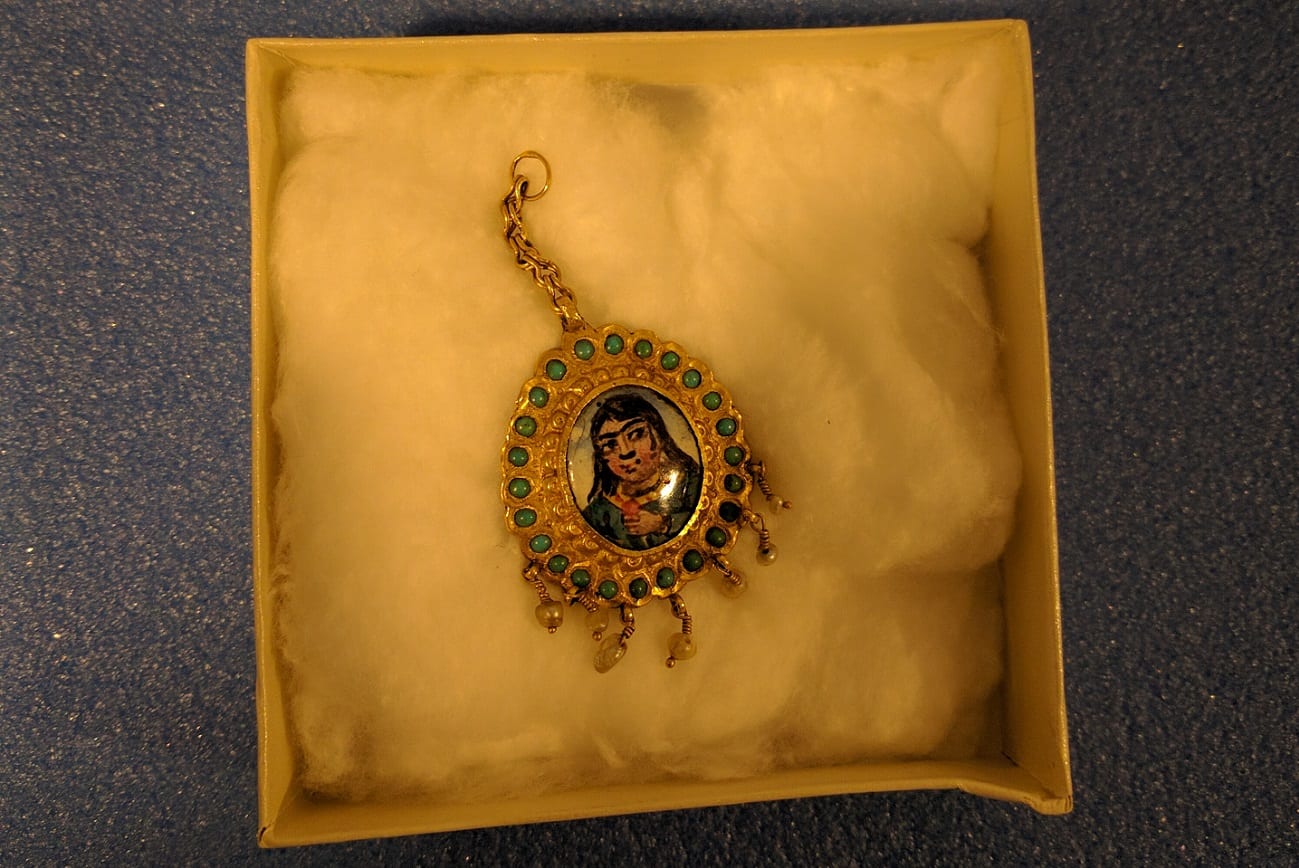 The Fatima pendant, Mashhad, Iran, 1920s (courtesy of Benjamin Zar-Davidov. ANU - Museum of the Jewish People)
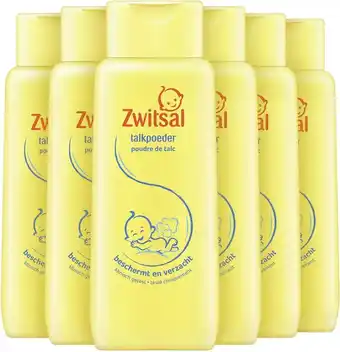 Bol.com Zwitsal talkpoeder - 6 x 100 gram - voordeelverpakking aanbieding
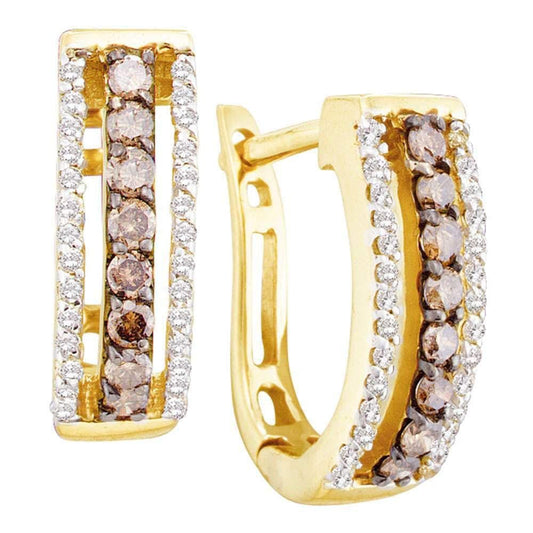 Yellow Gold Diamond Hoop Earrings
+-------+
EXERCISE DIRECTIONS: Since the pictures are not part of the copy, transcribe only the remaining material, exactly.

RESPONSE:
 The Fatima pendant, Mashhad, Iran, 1920s (courtesy of Benjamin Zar-Davidov. ANU - Museum of the Jewish People)
 Bol.com Zwitsal talkpoeder - 6 x 100 gram - voordeelverpakking aanbieding
 Yellow Gold Diamond Hoop Earrings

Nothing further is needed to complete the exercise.